Ahead of the FA Cup semifinal against Tottenham in April, he refused to choose between two hotel options, the Wembley Hilton and The Landmark in Marylebone. He was told both had pros and cons, which were spelled out to him. He shrugged his shoulders, told staff to choose but was unhappy once in the Hilton because his favourite meeting room was being used by Microsoft.

According to sources, United even tried to accommodate Mourinho whenever they could and cancelled a series of sponsor events ahead of the Europa League final in Stockholm at his request despite spending thousands of pounds to fly a number of high-profile executives and their guests to Sweden.

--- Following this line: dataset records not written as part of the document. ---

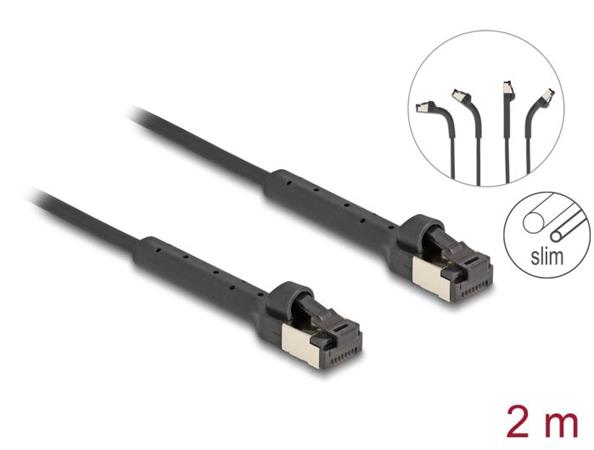 Delock - Patch kabel - RJ-45 (M) angled up to 60° do RJ-45 (M) angled up to 60° - 2 m - 3.8 mm - U/ 80941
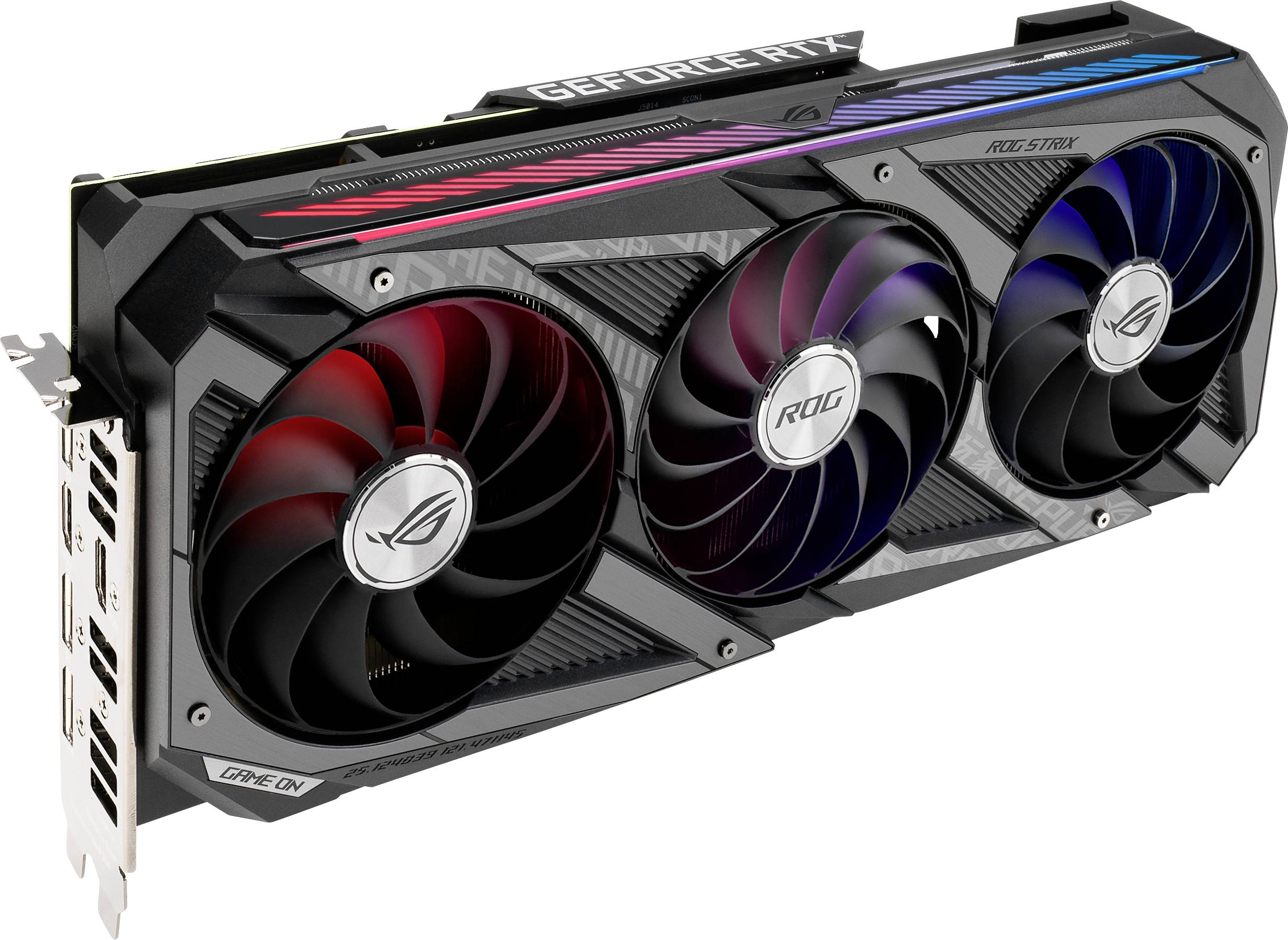 ASUS ROG-STRIX-RTX3070-O8G-V2-GAMING OC Edition Grafikkarten GF RTX 3070 8 GB GDDR6 PCIe 4.0 2 x HDMI 3 x DisplayPort-7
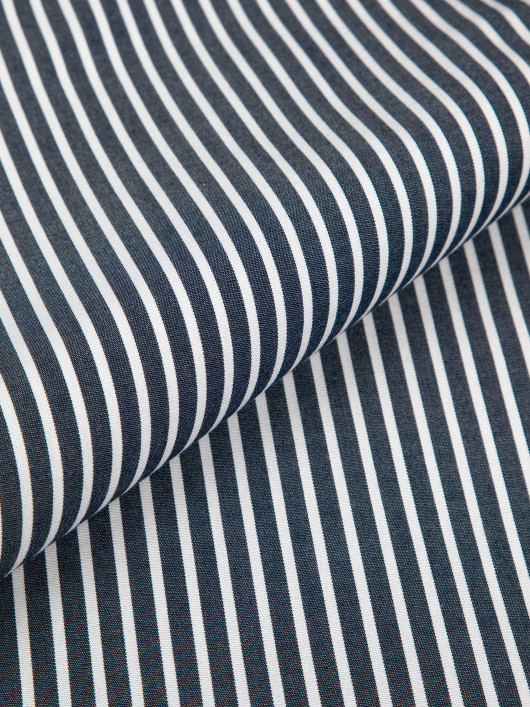 Chemise Rayée Grande Taille Marine et Blanche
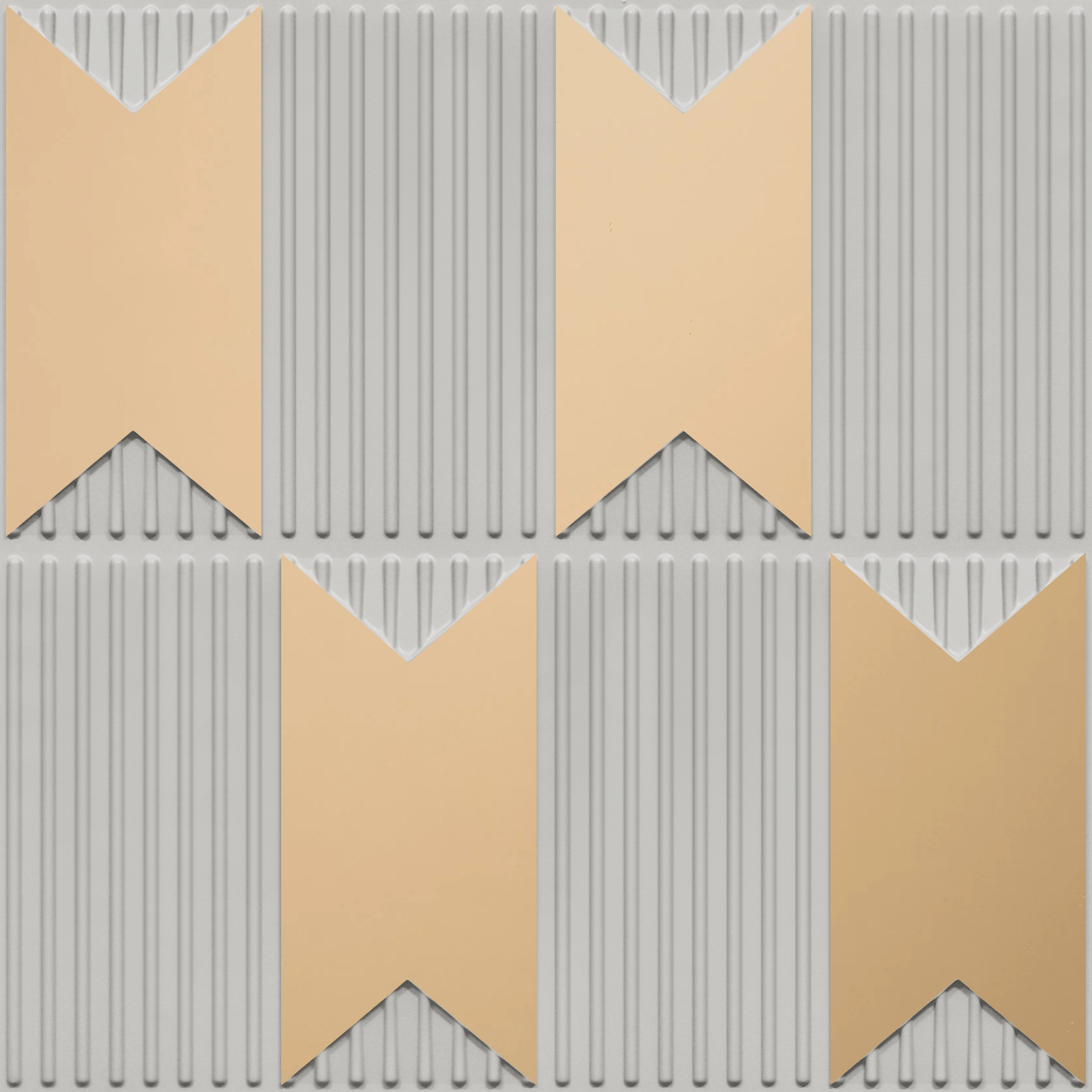 Peel and Stick Acrylic Mirror Color Copper – For Design No – 2002 Chevron Crest
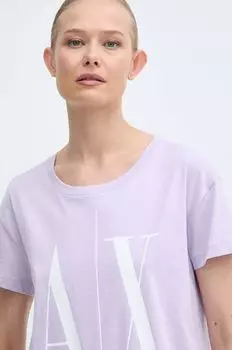 Футболки Armani Exchange, фиолетовый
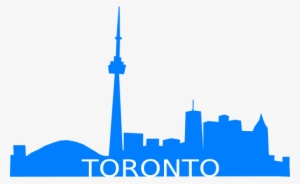 Toronto Skyline Silhouette Simple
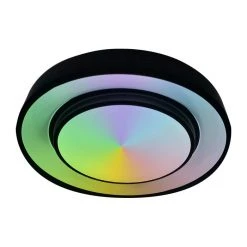 Globo SULLY Deckenleuchte LED Schwarz, 1-flammig, Fernbedienung, Farbwechsler -LED Leuchten Verkäufe 2022 globo sully deckenleuchte 41368 24 18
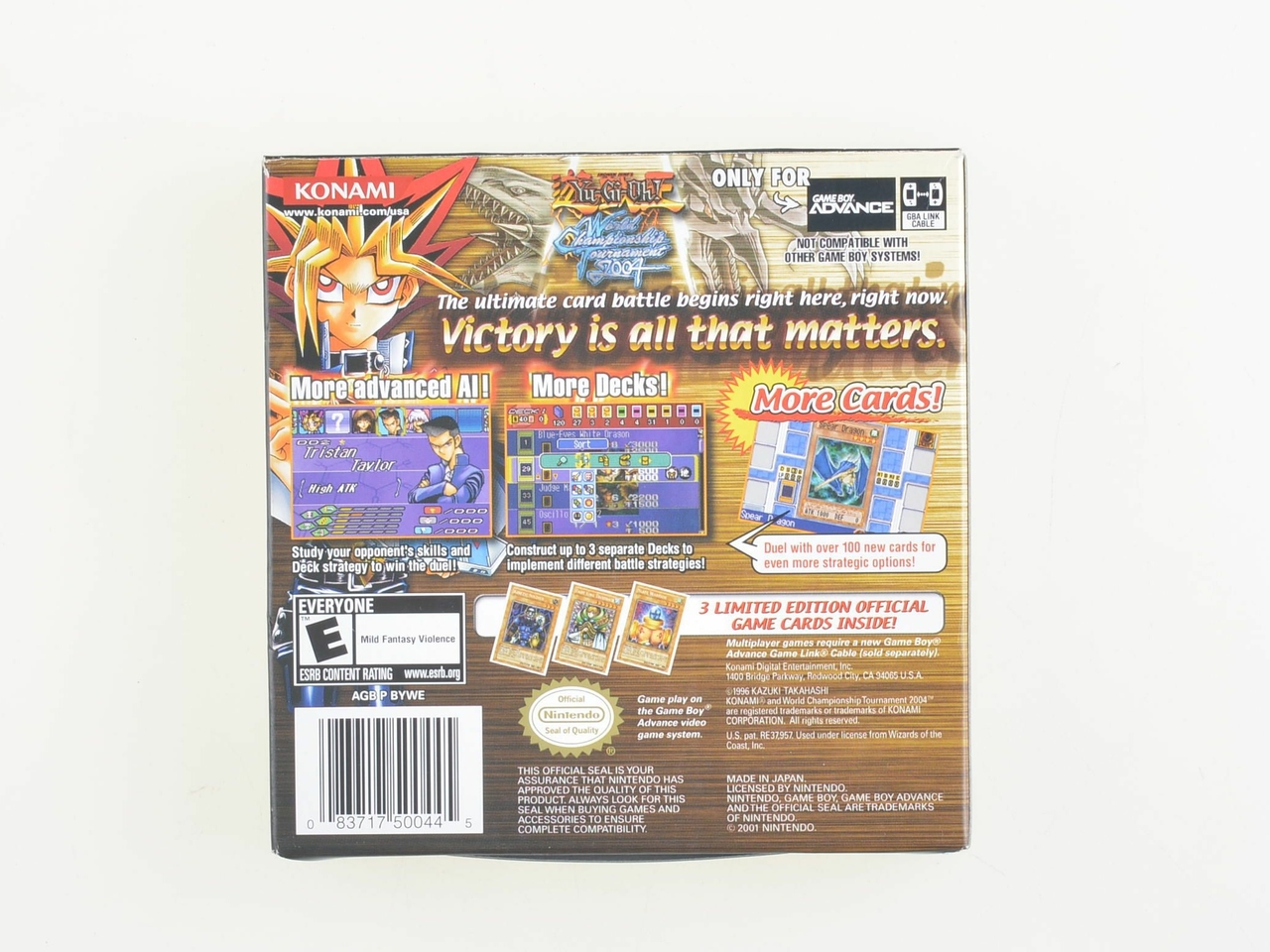 Yu-Gi-Oh World Championship Tournament 2004 - Gameboy Advance Games [Complete] - 2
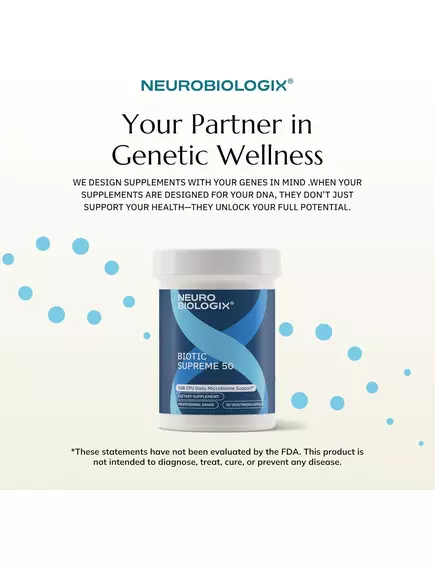 Neurobiologix Biotic Supreme 50 / Пробиотики 50 млрд КОЕ 30 капсул, фото 9 в магазине биодобавок nutrido.shop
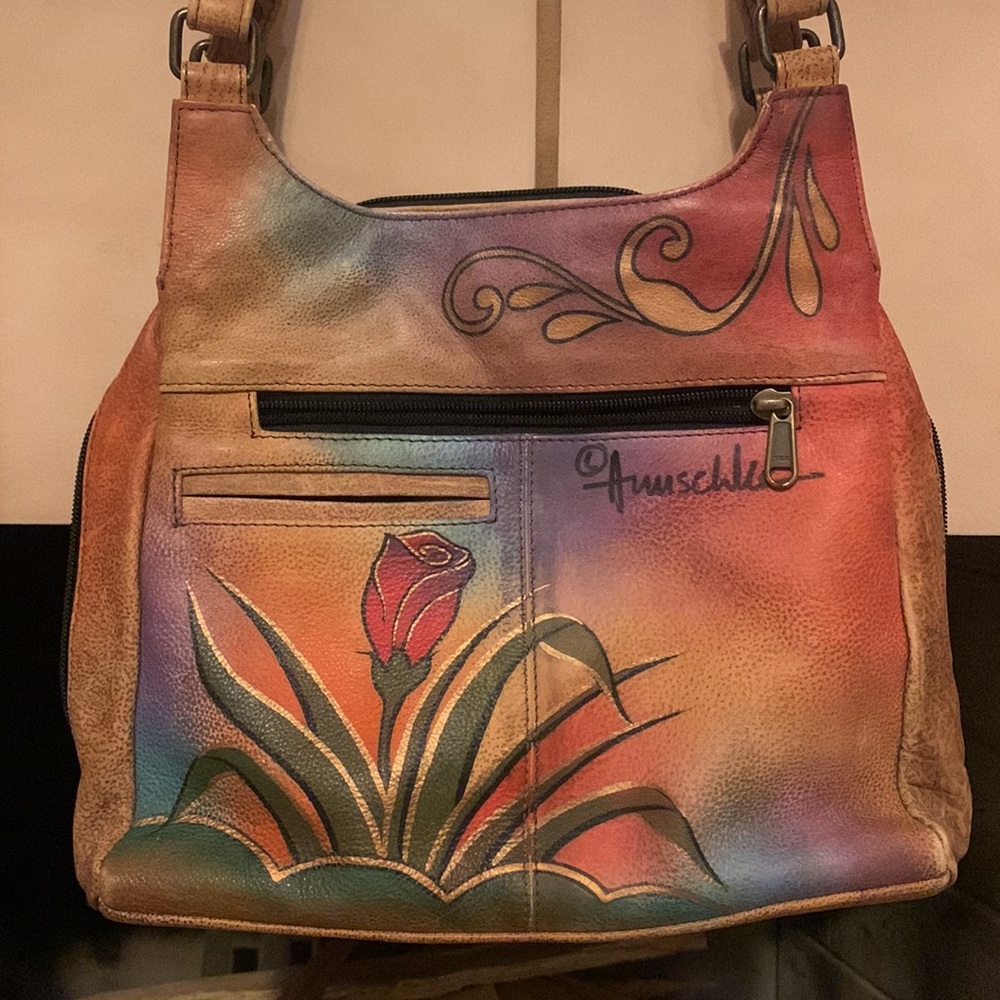 Anuschka Bag with Matching Wallet - Leather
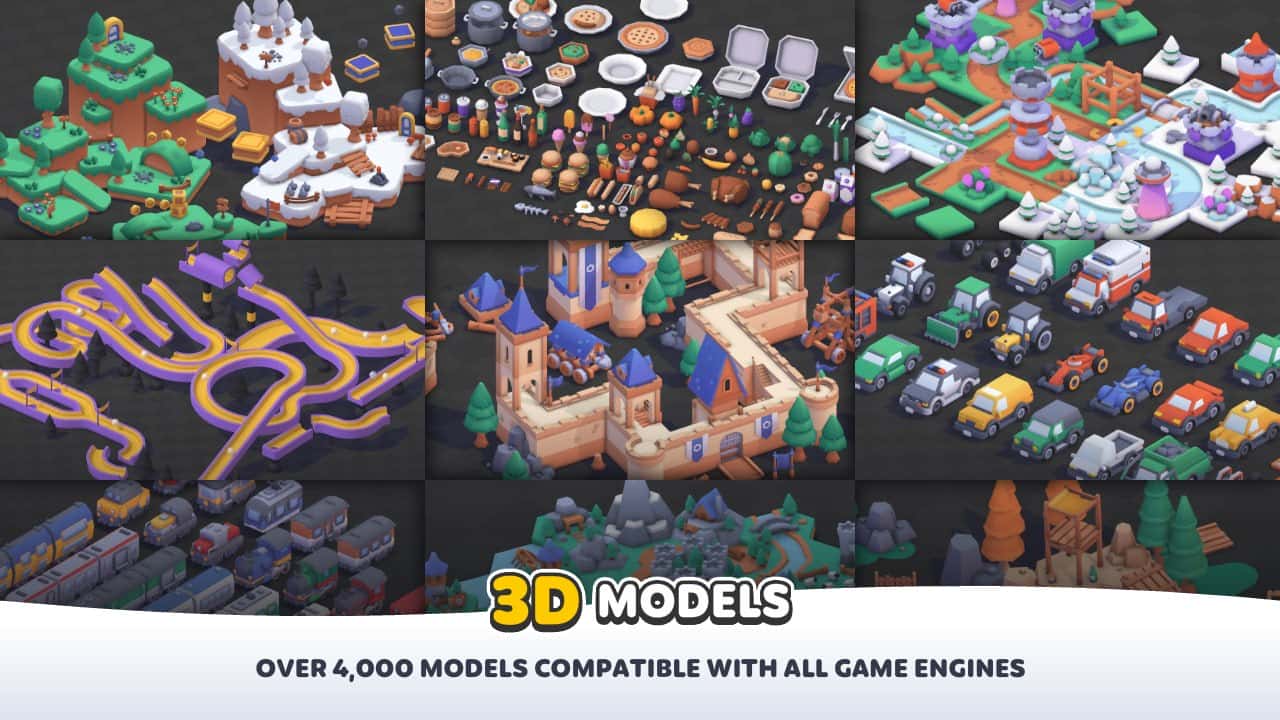 Kenney游戏资源全家桶 – Kenney Game Assets All-in-1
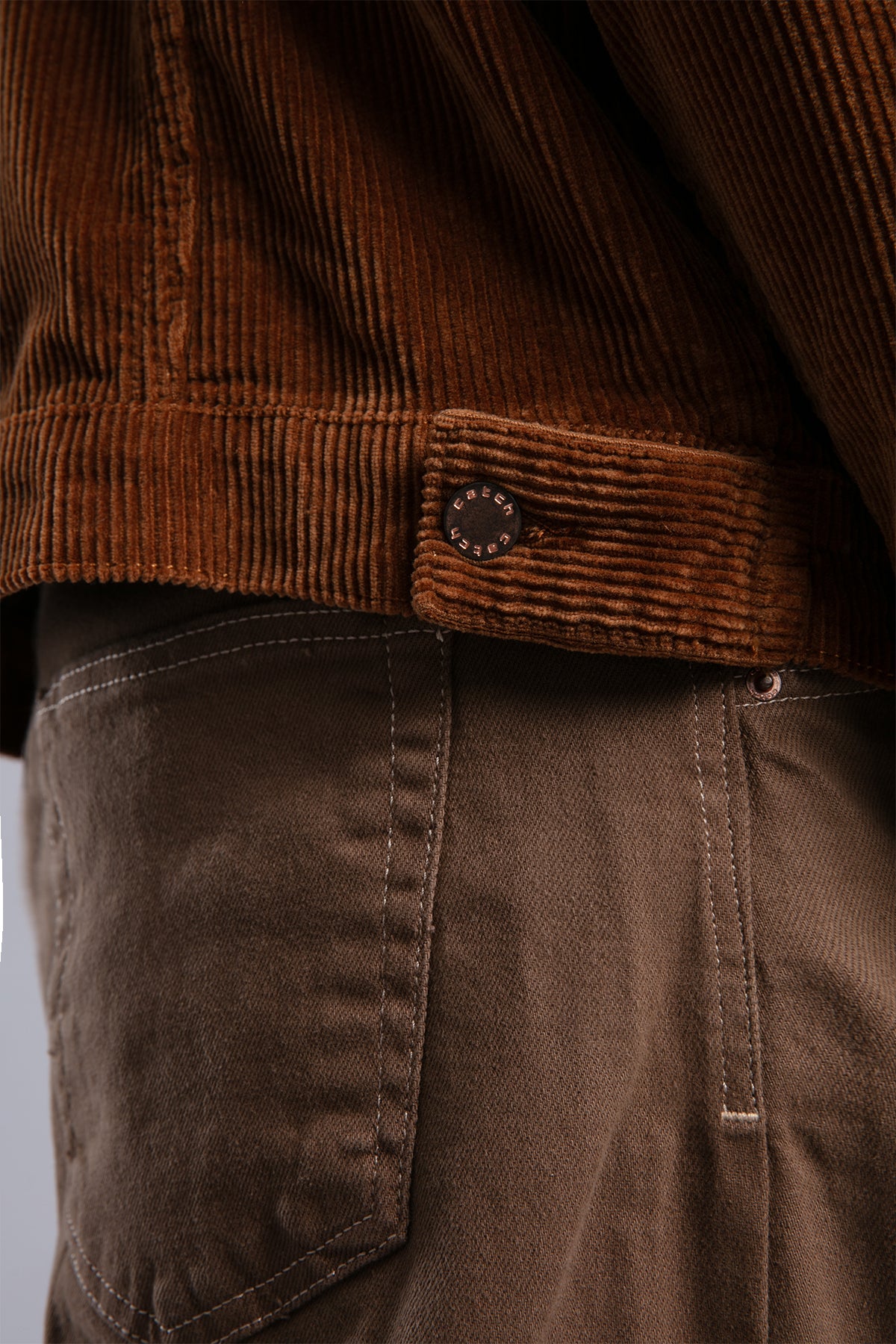 Trucker Kadife Ceket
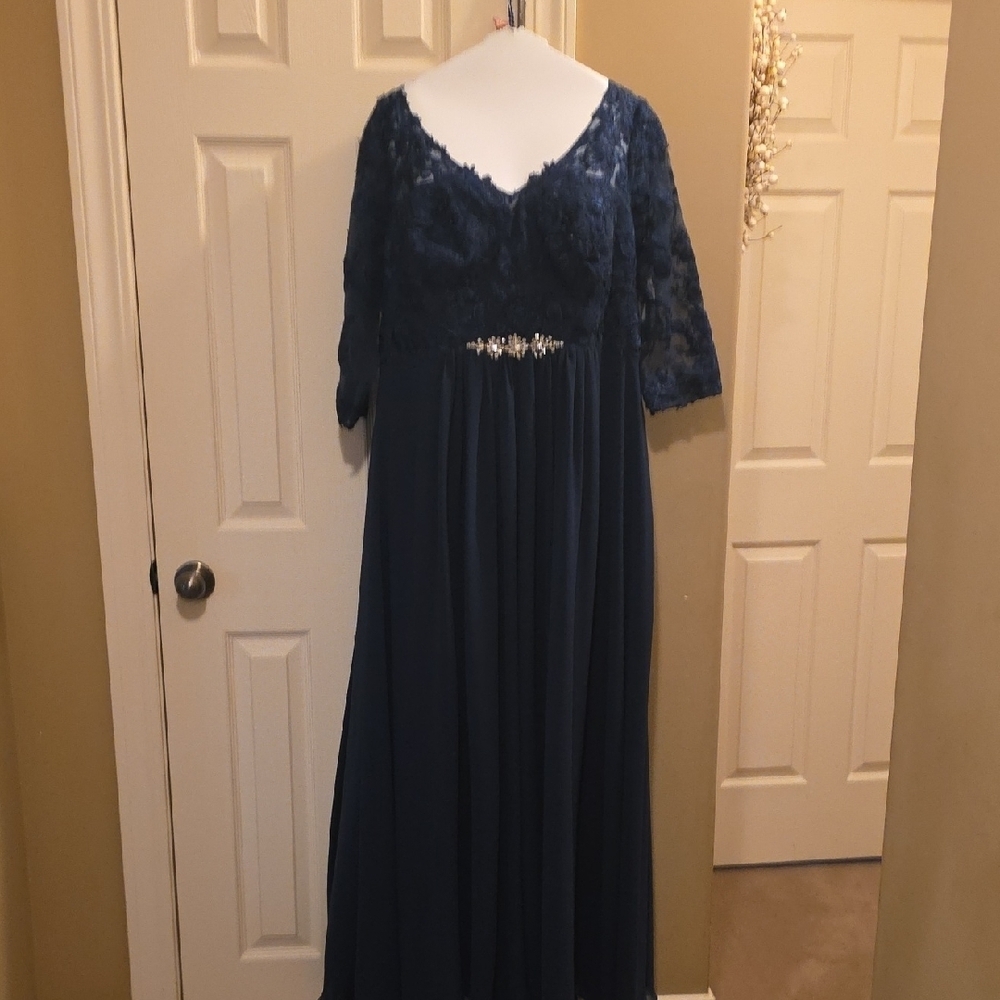 Azazie Midnight Blue Dress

These issues weren’t just related to members of staff. Mourinho’s most high-profile feud at United was with record signing Pogba, stripped of the vice captaincy in September, but at different times during his reign the squad had been puzzled by his treatment of Luke Shaw and Martial. Telling a news conference that Shaw had used “his body with my brain” after a positive performance in his first game in four months caused particular bewilderment within an unhappy dressing room.

As well as disappointing results, a poor record in the transfer market and a style of football that failed to excite supporters, there was an overriding feeling that by the end Mourinho thought he was bigger than the club and his tenure had to end. By September, and despite agreeing a contract extension with Mourinho in January following his public flirtation with Paris Saint-Germain, the club were refusing to offer any cast-iron guarantees about his future.

Speculation linking Zinedine Zidane to Old Trafford — most of which generated in Spain — was knocked down after the dismal 3-1 defeat at West Ham, but questions about Mourinho in general were treated with more open-ended answers. Without the concrete backing Mourinho wanted, his agent, Jorge Mendes, was forced to step in by releasing a rare statement insisting that everything was fine.

It was telling that following Mourinho’s sacking on Tuesday morning, sources close to the club made it clear that both the caretaker manager and the next permanent boss would be leaders who could unite the players behind them and re-connect supporters to the club.

Sources told ESPN FC that the players were “shocked” when they were informed of the decision by Woodward at Carrington on Tuesday morning but that the general feeling was one of “relief.”